Global Beat Fusion: Classical Egypt in America

21 03 2008

by Derek Beres

The room is not filled, but there are enough people to embrace the musicians as they deserve—warmly, affectionately, and personably. Symphony Space on Manhattan’s Upper West Side is known for exceptional traditional and world-oriented programming, and is a fitting venue for what is to come.

Seven men and one woman dressed eloquently stroll onto stage, displaying with their instruments an intriguing blend of Arabic and Western histories—the tambourine riqq, the small lute oud, the zither qanun, and the more recognizable violin and cello. Three singers sit at the helm of the semi-circle; a 30-ish man and woman flanking a man more than double their age. He will be the spotlight of the show, though in truth everyone plays brilliantly.

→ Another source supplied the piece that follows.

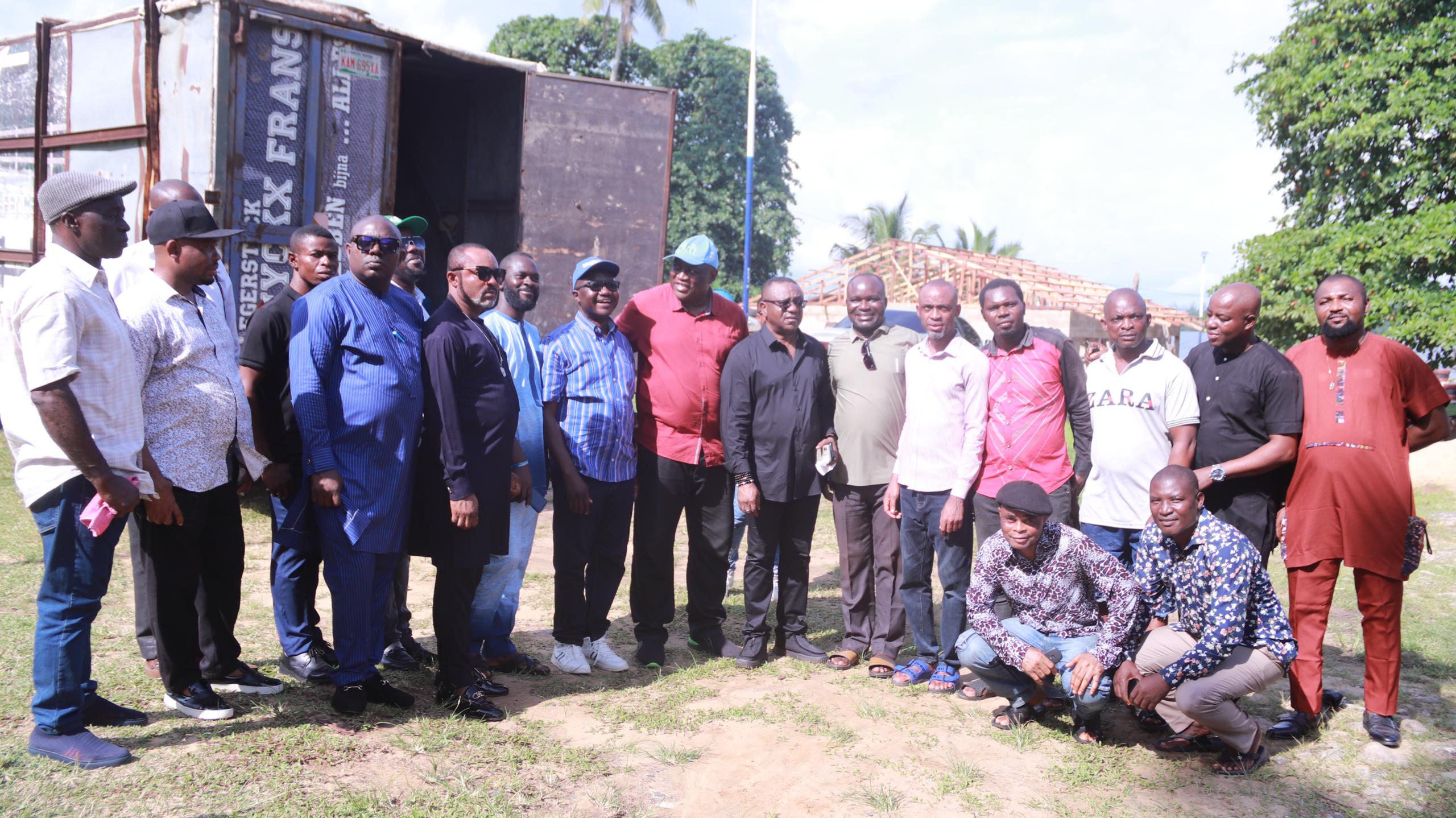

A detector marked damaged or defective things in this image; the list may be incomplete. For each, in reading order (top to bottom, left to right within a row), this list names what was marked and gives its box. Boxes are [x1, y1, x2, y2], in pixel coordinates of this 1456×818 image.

That man’s name is Youssef Kassab, a Syrian professor who has been singing the classical folk music of the Arabian world for over five decades. While he did not found the Chicago-based Arabesque Music Ensemble, his advice and guidance on their latest album, The Music of the Three Musketeers (Xauen), proved to be a godsend to the young collection of musicians. Their aim was to capture Arabian folk traditions in their every nuance, and though they were forced to completely re-record the original to meet Kassab’s approval, founder/qanun player Hicham Chami felt blessed for the opportunity.